**MATERIAL FOR THIS EXERCISE:**
--- START ---
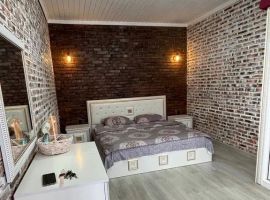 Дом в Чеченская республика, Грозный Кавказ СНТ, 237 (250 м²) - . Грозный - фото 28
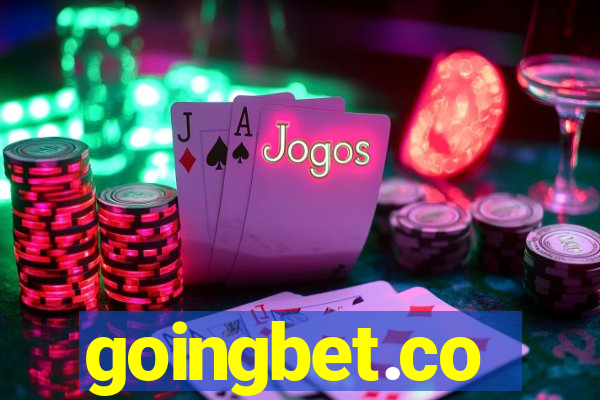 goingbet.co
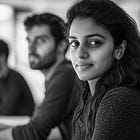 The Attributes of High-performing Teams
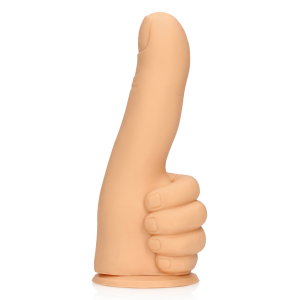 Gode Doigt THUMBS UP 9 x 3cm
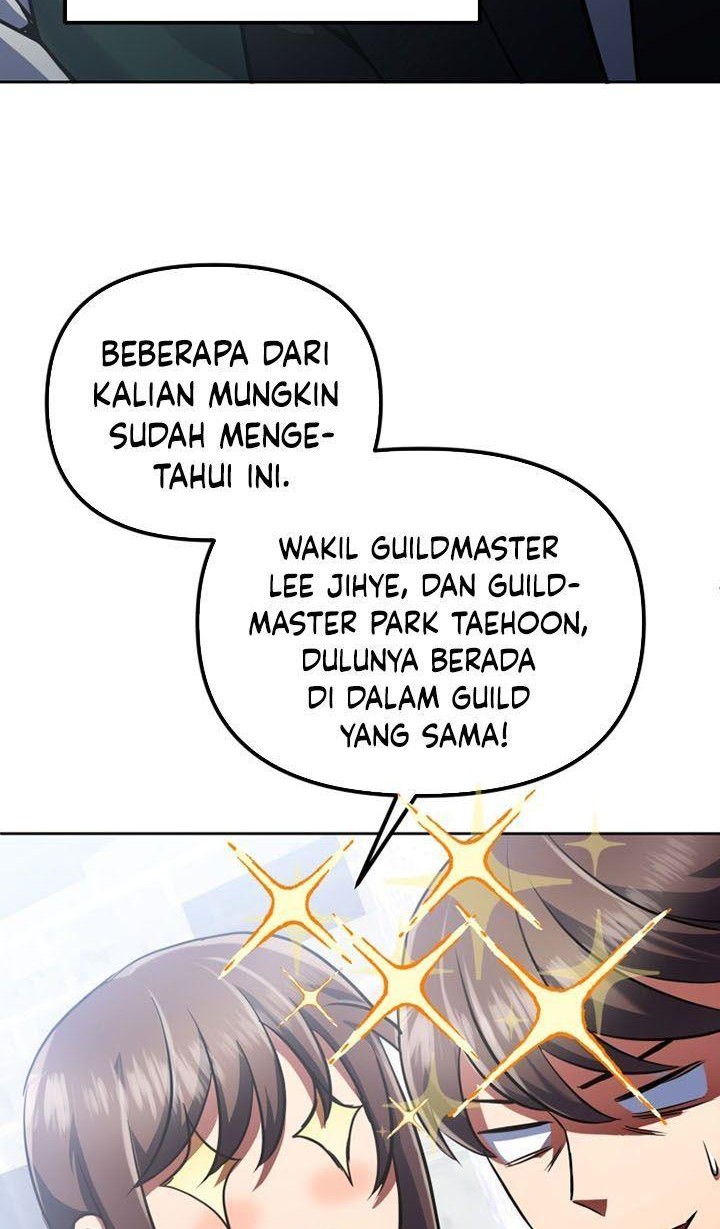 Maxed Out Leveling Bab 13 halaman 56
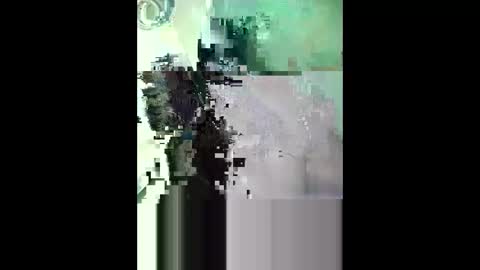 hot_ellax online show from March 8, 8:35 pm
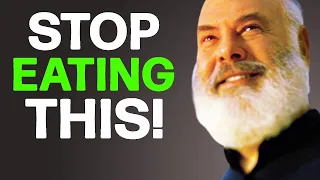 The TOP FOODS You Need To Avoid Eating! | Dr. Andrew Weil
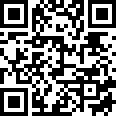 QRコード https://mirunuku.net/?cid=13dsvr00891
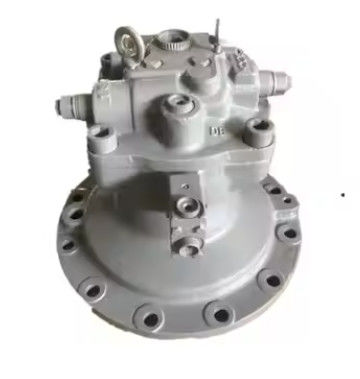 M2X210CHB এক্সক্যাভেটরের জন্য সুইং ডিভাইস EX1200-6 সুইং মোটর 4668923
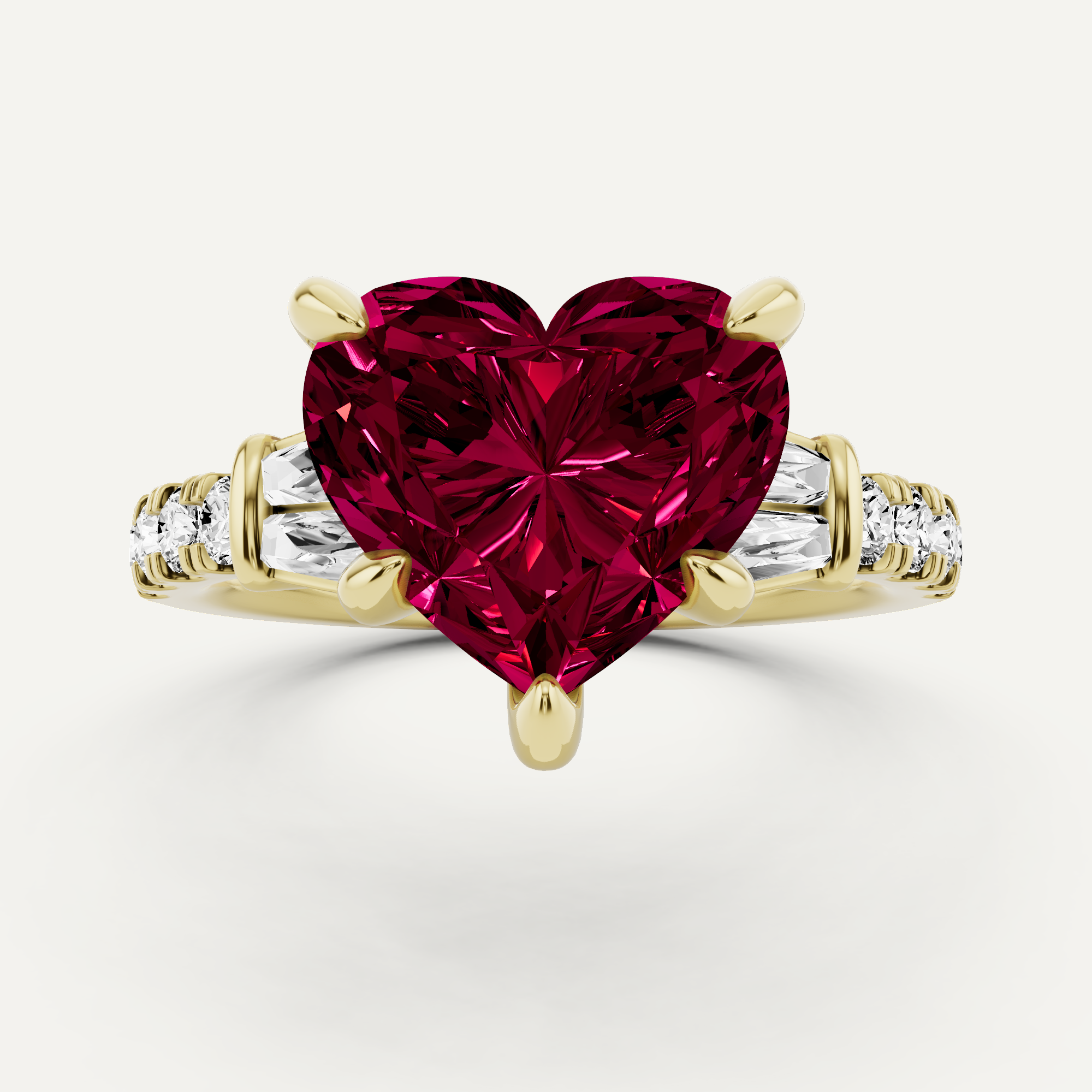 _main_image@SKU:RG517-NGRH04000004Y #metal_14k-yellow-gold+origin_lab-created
--- END ---
--- START ---
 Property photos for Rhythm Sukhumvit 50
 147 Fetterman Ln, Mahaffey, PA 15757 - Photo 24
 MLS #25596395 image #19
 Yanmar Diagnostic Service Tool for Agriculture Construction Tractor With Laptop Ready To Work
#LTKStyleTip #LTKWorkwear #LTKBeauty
--- END ---
--- START ---
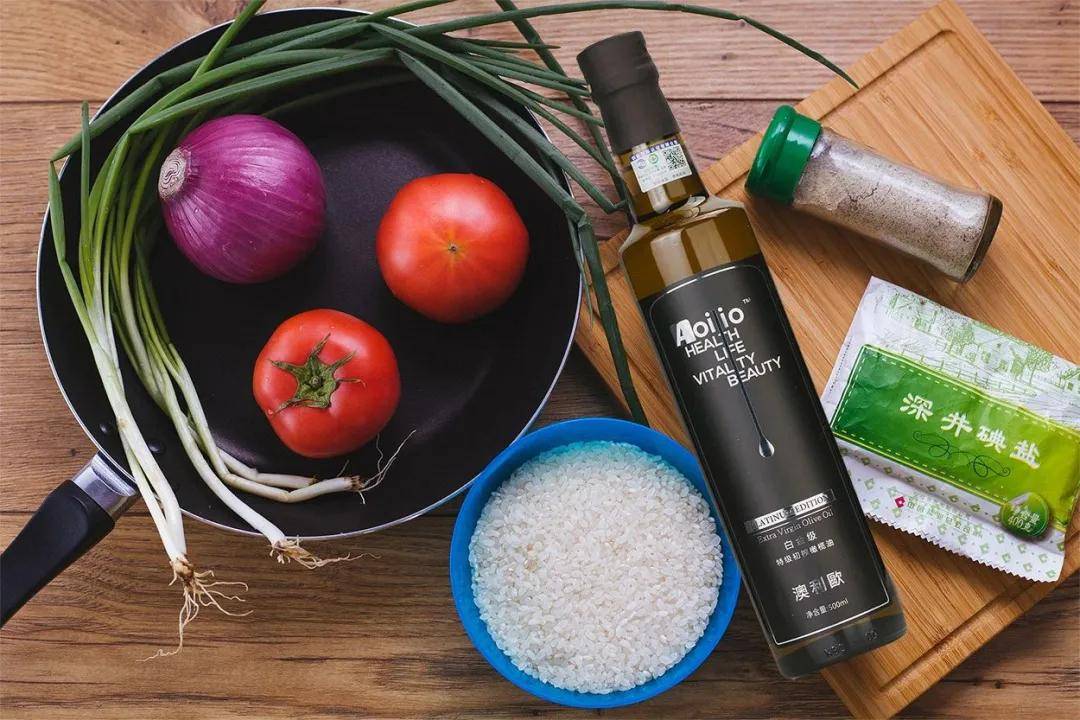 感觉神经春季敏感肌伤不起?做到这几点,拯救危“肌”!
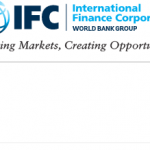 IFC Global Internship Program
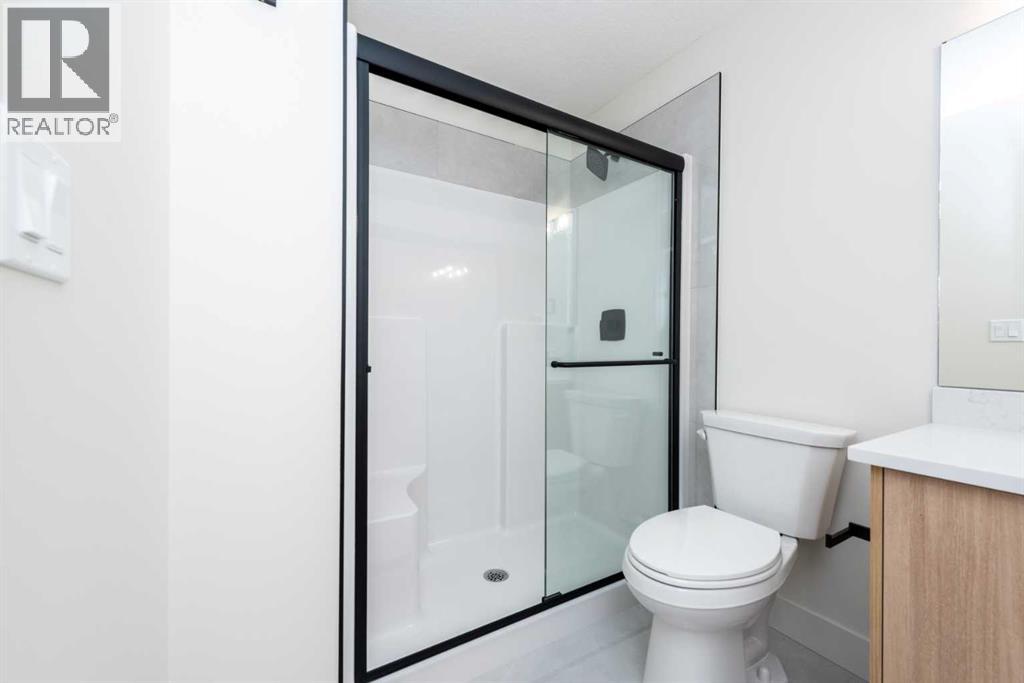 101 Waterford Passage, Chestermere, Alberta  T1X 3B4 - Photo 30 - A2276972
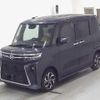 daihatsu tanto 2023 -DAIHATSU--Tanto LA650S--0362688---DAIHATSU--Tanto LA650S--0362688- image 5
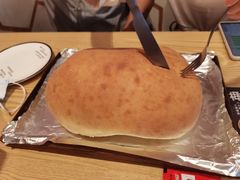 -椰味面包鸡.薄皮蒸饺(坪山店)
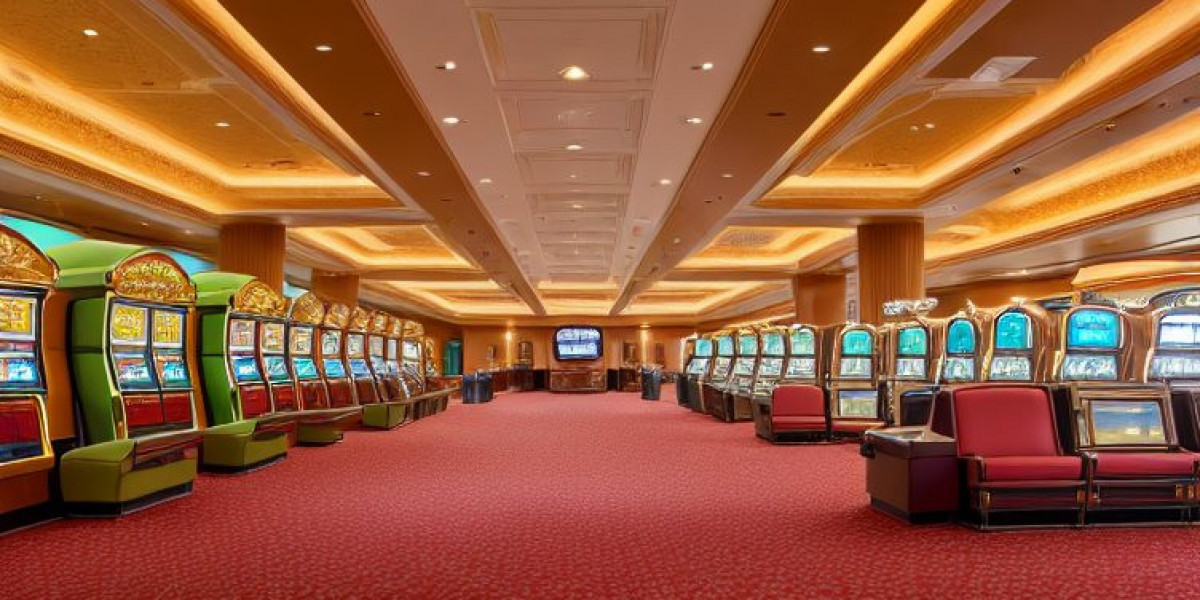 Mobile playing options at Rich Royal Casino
--- END ---
**WHAT YOU SHOULD DO:** Give back exactly the lines above from the one with "The Attributes of High-performing Teams" through the one with "QRコード https://", both included. Pictures don't belong in the copy.

**EXERCISE SOLUTION:**
 The Attributes of High-performing Teams
 Gode Doigt THUMBS UP 9 x 3cm
 Maxed Out Leveling Bab 13 halaman 56
 hot_ellax online show from March 8, 8:35 pm
 The TOP FOODS You Need To Avoid Eating! | Dr. Andrew Weil
 QRコード https://mirunuku.net/?cid=13dsvr00891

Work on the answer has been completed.